The main trouble people seem to have with it is that they don't want to store their files in their dropbox folder, so they have to copy their files from the original place and try to keep them synced. Here's a little trick I've been using and it works great. Windows Vista and above has a built-in feature called junctions. Junctions, for those initiated in the Unix world, are essentially hard links. Basically the concept is you have a folder for a few photos here: "C:\Users\MattMc3\My Photos\Vacation Pix 2011". You'd like those to by synced via dropbox, which is located here: "C:\Users\MattMc3\Dropbox". You can create a junction from your Dropbox folder into your Vacation Pix folder and when you delete from one, you'll delete from both. When you change one, you'll change both. When you add to one, you'll add to both. The folders are the same... you don't have a copy, you have a mirror.
The magic is in a little DOS command called mklink.

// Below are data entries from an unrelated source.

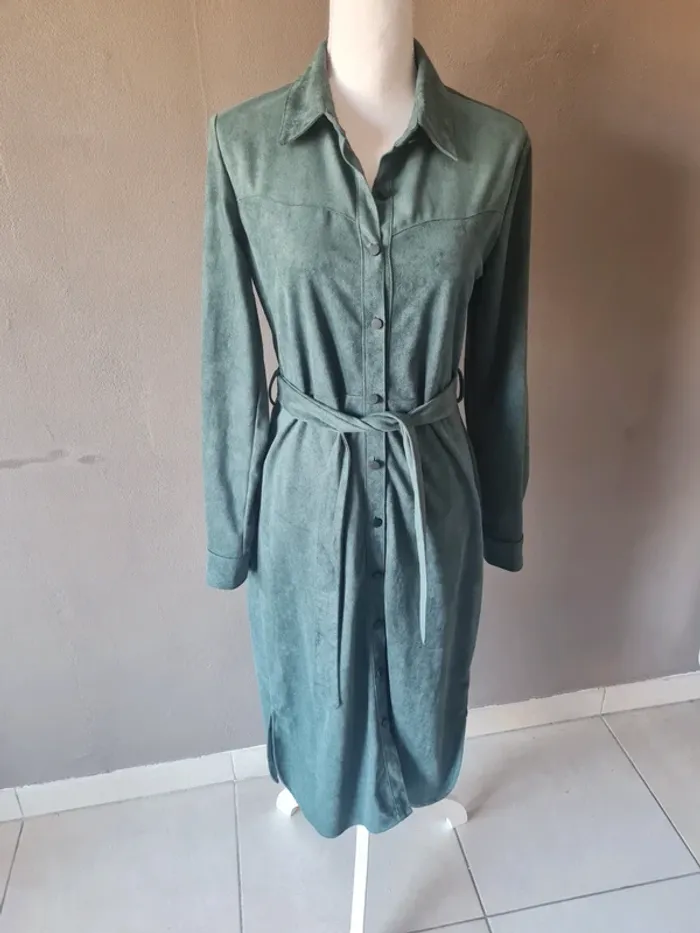 Robe verte Lofty Manner style suédine - photo numéro 2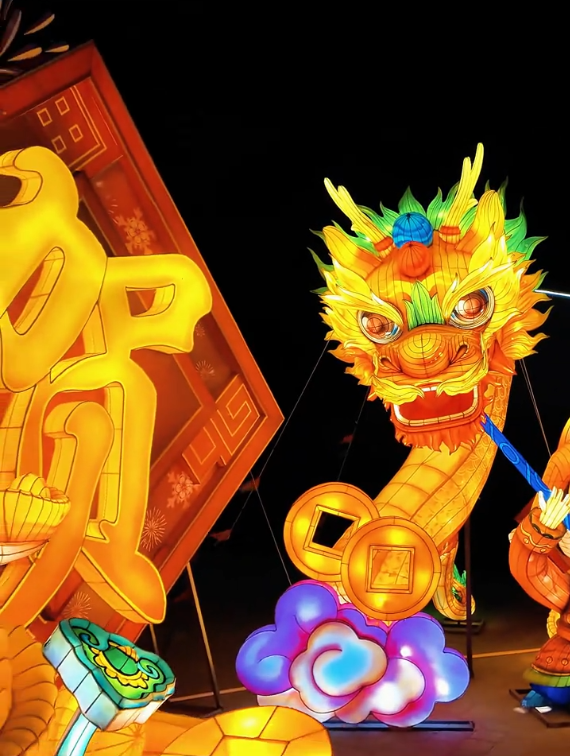 2025承德孤山子新春灯会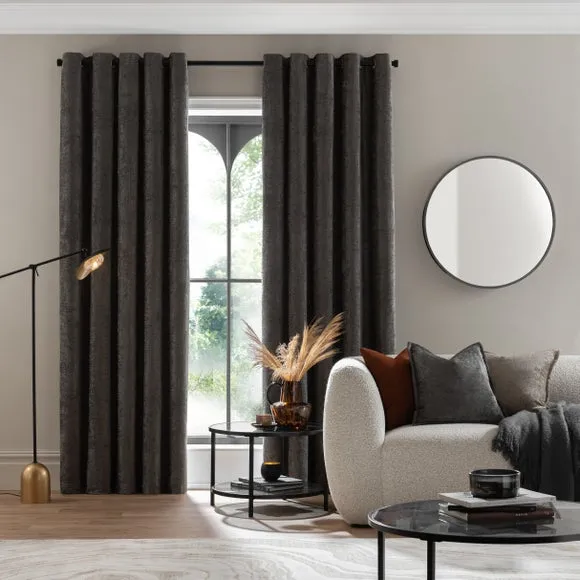 Chenille Eyelet Curtains (Blackout Available) 2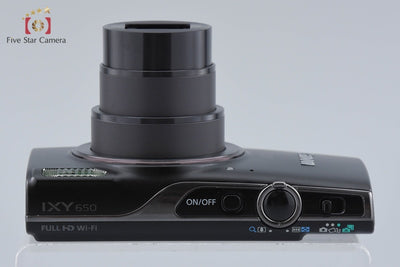 【中古】Canon キヤノン IXY 650 ブラック コンパクトデジタルカメラ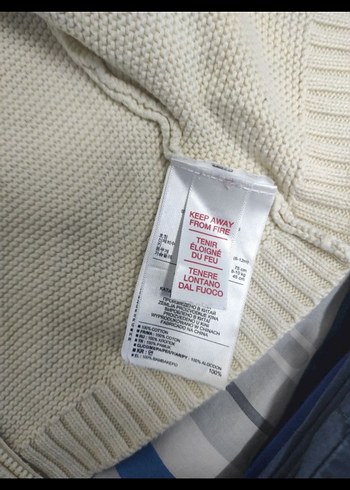 Bebek Beyaz Kapüşonlu Triko Hırka - Görsel 7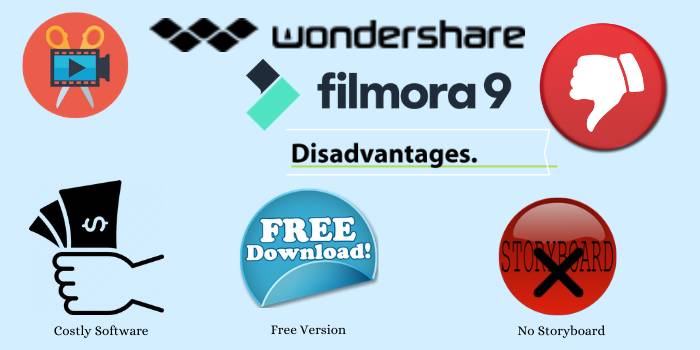 Wondershare Filmora 9 Disadvantages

On your Windows 7 or Vista computer with dropbox already installed, do the following:
- Start Menu -> type "cmd" to get to a command line
- Change your directory to your dropbox folder by typing cd "C:\Users\MattMc3\Dropbox"
- Type: mklink /J Vacation Pix "C:\Users\MattMc3\My Photos\Vacation Pix 2011"
- Watch in awe as Dropbox picks up your files and syncs them. It doesn't matter which folder you drop a file, it'll sync both ways because this isn't a copy - it's a mirror.